The toning-down of the report follows reports earlier this year that the Pentagon’s annual report on Chinese military capabilities was also softened before publication. A call to the US-China Commission office about why the changes were made was not answered.
Noticeable changes in the 2006 report compared with last year include:
* Deletion of the top recommendation that Congress should “encourage increasing U.S. military capabilities in the Western Pacific in response to growing Chinese capabilities.” This blunt call for an arms race is replaced in the new report with a recommendation that DOD includes in its annual report on China’s military power “an assessment of U.S. weapon systems, force structure, basing, doctrine, and tactics in order to maintain a favorable balance of military power in the region” to ensure that the Pentagon can beat the Chinese in a war.
* Deletion of the erroneous claim that China’s next-generation long-range nuclear ballistic missiles will carry multiple warheads. In last year’s report, this claim was based on two non-authoritative sources: a Heritage Foundation brochure and a Japanese news paper article. The U.S. intelligence community, in contrast, has consistently stated that the missiles will be equipped with single warheads.
* Deletion of the erroneous claim that the Chinese navy has nuclear-armed anti-ship cruise missiles.
* The section “Expansion of China’s Nuclear Forces” is now simply called “Missiles.”
While it is a positive development that the Commission has made these changes, the 2006 report by no means looses sight of the Commission’s mandate to report on China’s military modernization and force deployments. Yet there are several claims in the 2006 report that stand out:
* A big one is that China is said to be pursuing measures to “control” the seas in the “Western Pacific.” But as anyone with just a little knowledge of naval operations understands, gaining “control” over an area requires superior capabilities, something China simply does not have now nor is likely to acquire in the foreseeable future. It is one thing to try to achieve “control” of a limited coastal area between China and Taiwan, but quite another to achieve it in the “Western Pacific” as the Commission says.

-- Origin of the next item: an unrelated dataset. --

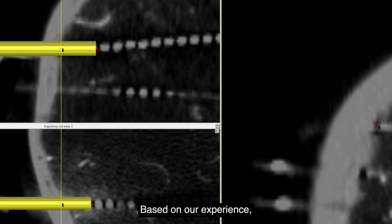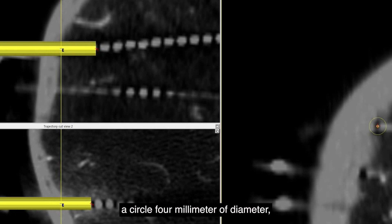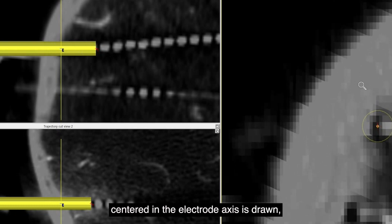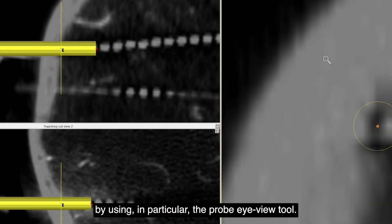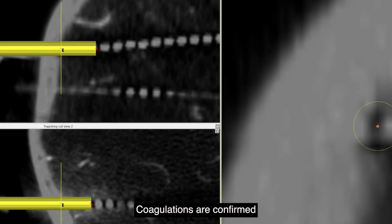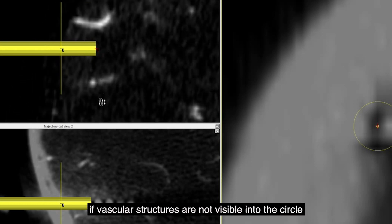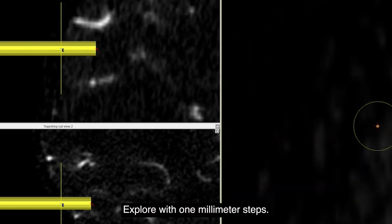Based on our experience and previously published experimental data, a circle of 4 mm of diameter centered on the electrode axis is drawn, checking coagulation feasibility by using the probe's eye view tool. Coagulations are confirmed if vascular structures are not visible within the circle along the entire coagulating trajectory length, explored with 1 mm steps.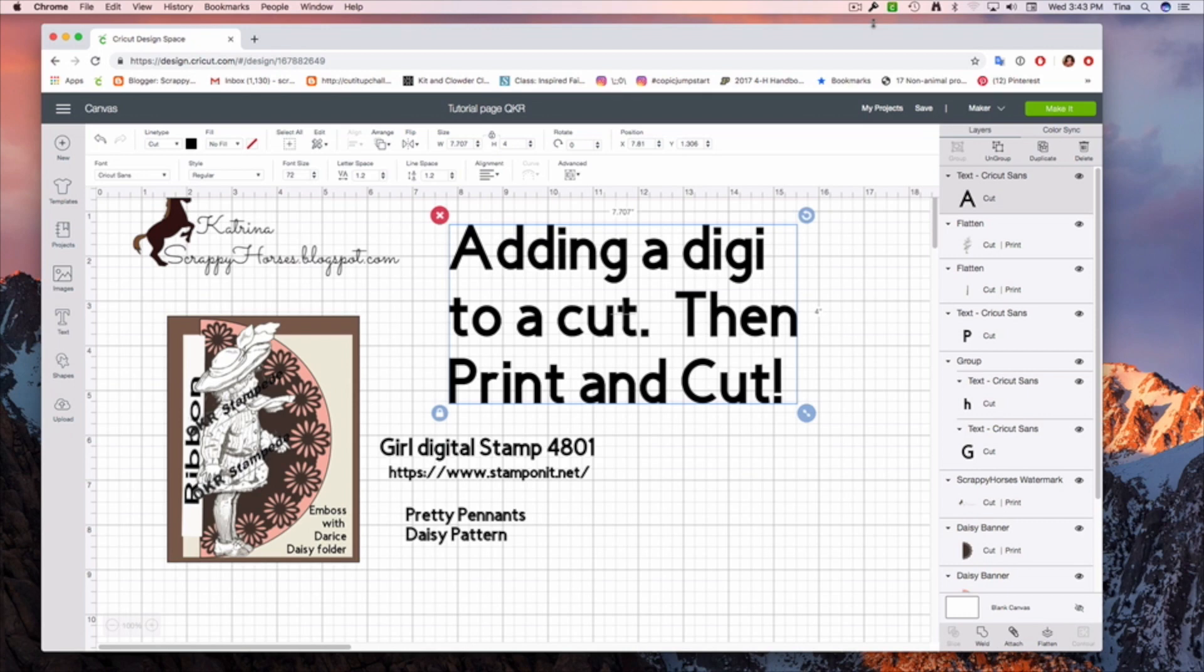Hi, Katrina here from Scrappy Horses. Welcome to my YouTube videos. If you're into crafting and you enjoy using a Cricut, this is going to be a video you might enjoy.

* Another claim is that China “continues to improve its older intercontinental ballistic missiles,” which, although true, forgets to mention that this particular improvement of the DF-5 missile has been underway since the 1980s and is now finally nearing completion. Slow and long-term is typical for Chinese nuclear programs.
* The Commission also claims that a new missile currently under development – the DF-31A – “will be the first Chinese ICBM capable of hitting Washington, DC.” Not so, unless the U.S. intelligence community has been wrong or lying for 30 years. According to numerous declassified documents, unclassified official reports and official statements made by the intelligence community, China has been targeting all of the United States with the DF-5 since the early 1980s. But the suggestion that DF-31A has a longer range than DF-5 echoes information contained in the 2006 DOD report on China’s military forces. A map in that report showed a DF-5 range considerably shorter than shown on a map in the 2005 DOD report. Whether the U.S. intelligence community has decreased its estimate for the DF-5 range or simply made an error (that everyone keeps repeating) is unknown.

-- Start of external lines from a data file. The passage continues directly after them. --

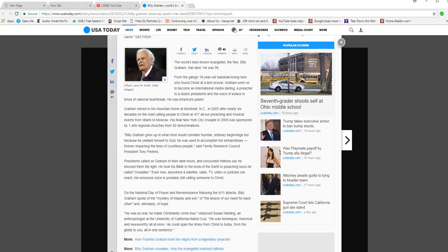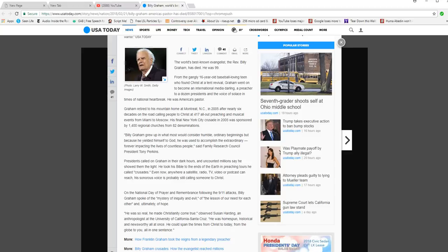The world's best known evangelist, Reverend Billy Graham, has died. He was 99. From the gangly 16-year-old baseball-loving teen who found Christ at a tent revival, Graham went on to become an international media darling, a preacher to a dozen presidents, and the voice of solace in times of national heartbreak. He was America's pastor.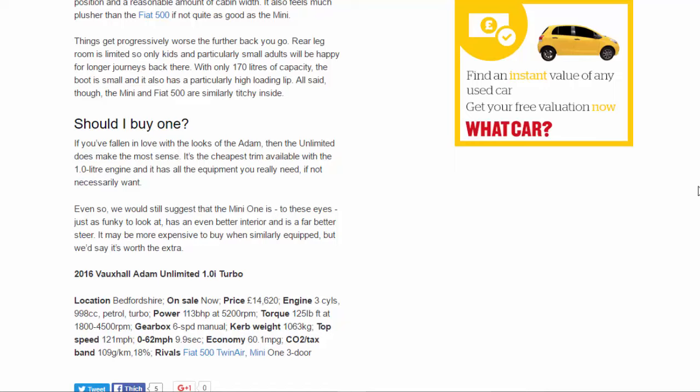2016 Vauxhall Adam Unlimited 1.0i Turbo. Location: Bedfordshire. On sale now. Price: £14,620. Engine: three cylinders, 998 cubic centimeters, petrol turbo. Power: 113 bhp at 5,200 rpm. Torque: 125 lb-ft at 1,800-4,500 rpm. Gearbox: 6-speed manual. Curb weight: 1,063 kilograms. Top speed: 121 miles per hour. 0 to 62 miles per hour: 9.9 seconds. Economy: 60.1 mpg. CO2/tax band: 109 g/km, 18%. Rivals: Fiat 500 TwinAir, Mini 1 3-door.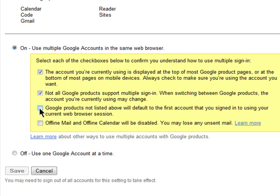These non-supported sites will sign you in automatically with your default Google account you selected, which is the very account I started this tutorial with. And finally, offline mail and offline Google Calendar functionality will be disabled and you may lose any unsent mail.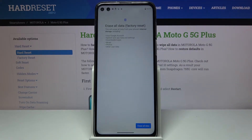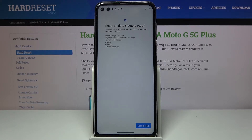Here you'll have a message that performing this will remove your Google account, system app data and settings, downloaded apps, music, photos, and other user data. So in short, it basically removes everything that you have put on the device. If there's anything you would like to keep, you might want to back it up beforehand, otherwise you will lose it permanently.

* The Commission report also claims that China “continues to expand” its submarine fleet, when, in fact, it is not. On the contrary, China’s submarine fleet is in sharp decline, down from approximately 120 boats in the mid-1980s to about 60 today. While the Commission report focuses on highlighting China’s acquisition of new submarines, U.S. Naval Intelligence anticipates that the Chinese submarine fleet will level out at around 40 boats.
Over the past two years, military-to-military contact has increased between China and the United states, not least thanks for the efforts of Admiral William J. Fallon, the commander of U.S. Pacific Command. Likewise, U.S. Strategic Command has begun direct conversions with its Chinese counterpart about the role of nuclear weapons. The U.S.-China Commission report acknowledges this development, but complains that the military-to-military contacts “may disproportionally benefit the” Chinese by increasing their knowledge of U.S. military capabilities.
To ensure that the United States doesn’t t fall behind, the Commission has a solution: increase U.S. spying against China. This is a curious recommendation, given that allegations about Chinese spying against the United States is what gave birth to the U.S.-China Commission in the first place.
The overall impression I get from the Commission’s report is that it spends too much time on reporting dramatic new developments and too little time on analyzing what its all means. To that end it is important not only to get the facts right but also to describe them in context. China is modernizing its military forces – as are virtually all of its neighbors including the United States. All these players are engaged in a dangerous game of deterrence that creates fear and suspicion and triggers requirements for better weapons and bolder war plans.
The challenge for the United States and its allies in the region is not, as the Commission seems to believe, to continue to deploy more and better weapons to counter China’s military modernization, but to figure out how to create a foreign policy that ends the mistrust.